Blog
(This from our colleague Dan Honeywell, whose expertise in all things Mandarin earns him huge respect from the team):
Isn’t language fascinating? I have always been amazed at how squiggles, lines, dots and sounds can combine to form such beautifully intricate forms of communication.
So what if our access to language, and literature was restricted? We all take freedom of print for granted, and yet there have been many instances where regimes actively regulate the consumption of written material. The most well known was the Cultural Revolution in China (1966-1976), a time when any non-propagandist literature was actively banned. Anybody found reading, discussing or creating non-sanctioned material would have their lives systematically and publically destroyed.
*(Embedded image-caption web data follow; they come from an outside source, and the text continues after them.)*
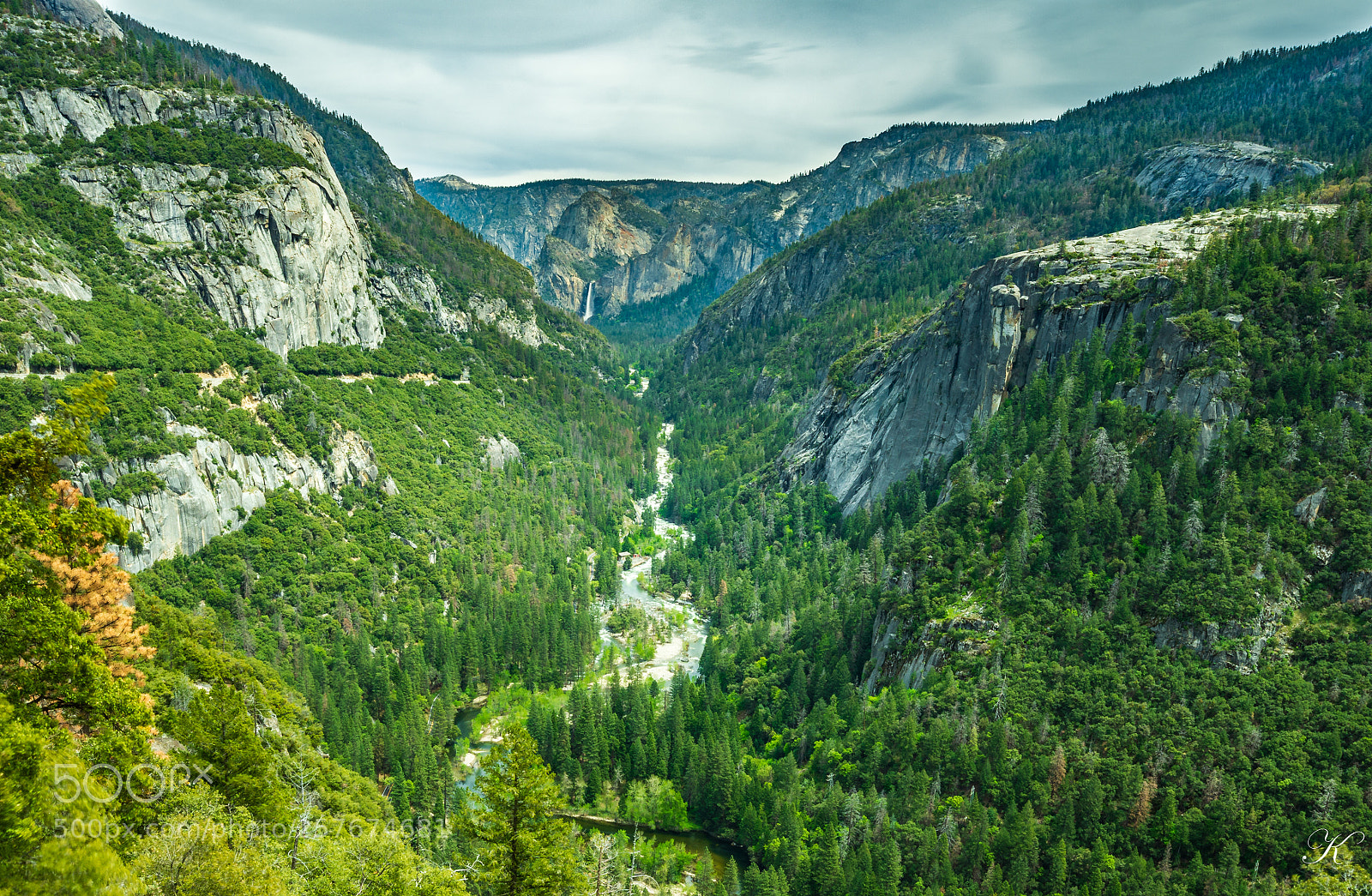 Nikon D7200 sample photo. Yosemite national park photography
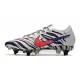 Nike Korea Mercurial Vapor XIII Elite SG Anti Clog White Red Black
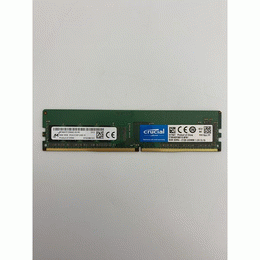 Crucial 〔中古〕DESK DDR4 2133 8GBx1 SPD（中古保証1ヶ月間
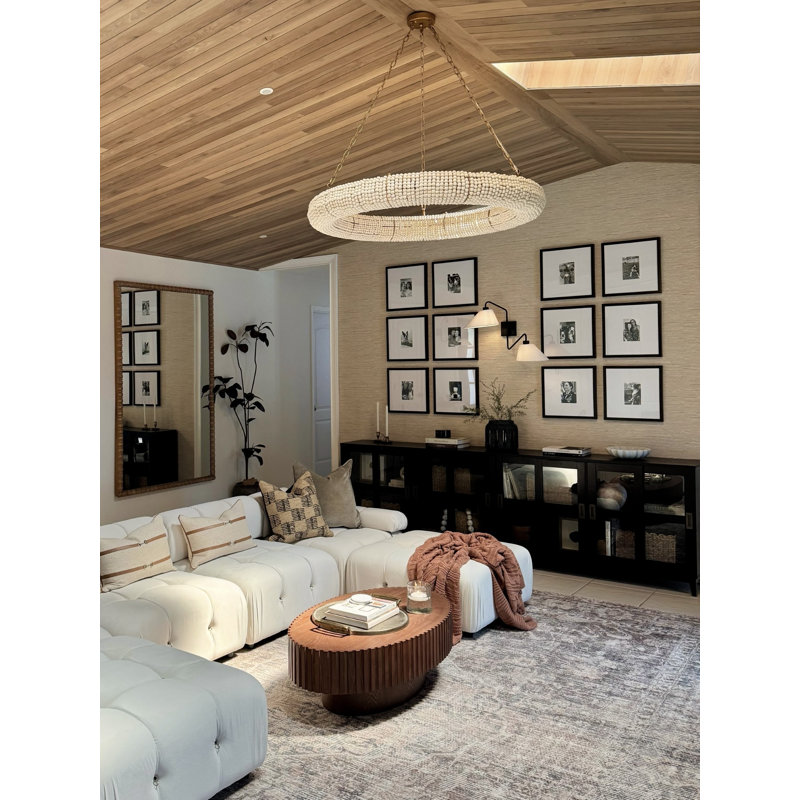 Galey Alix x Livabliss Melrose Chandelier | Wayfair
The result was the creation of well over a decade (the problem did not right itself overnight) of active paranoia and crippling fear throughout the country. Friendships and families were almost impossible to maintain, and the entire country’s social structure dissolved.
Very 1984, but very real.
It is hard to imagine such a time, and to have such a basic human right (as I believe it is) taken away from you. At the end of the Cultural Revolution, people were desperate for literature. As the suffocated country gasped for air, stories were written spontaneously, sporadically and with vigour. It has taken a long time for this ‘Scar Literature’ to shake itself free of the literary shackles to become original, propaganda-free material, for society to heal itself and for the written word to once again become the esteemed art it was always held to be.
The telling of stories is something far more powerful than any of us can imagine. Only when absent is its true gravity felt, and we should all appreciate the beauty, fragility and power of our language always.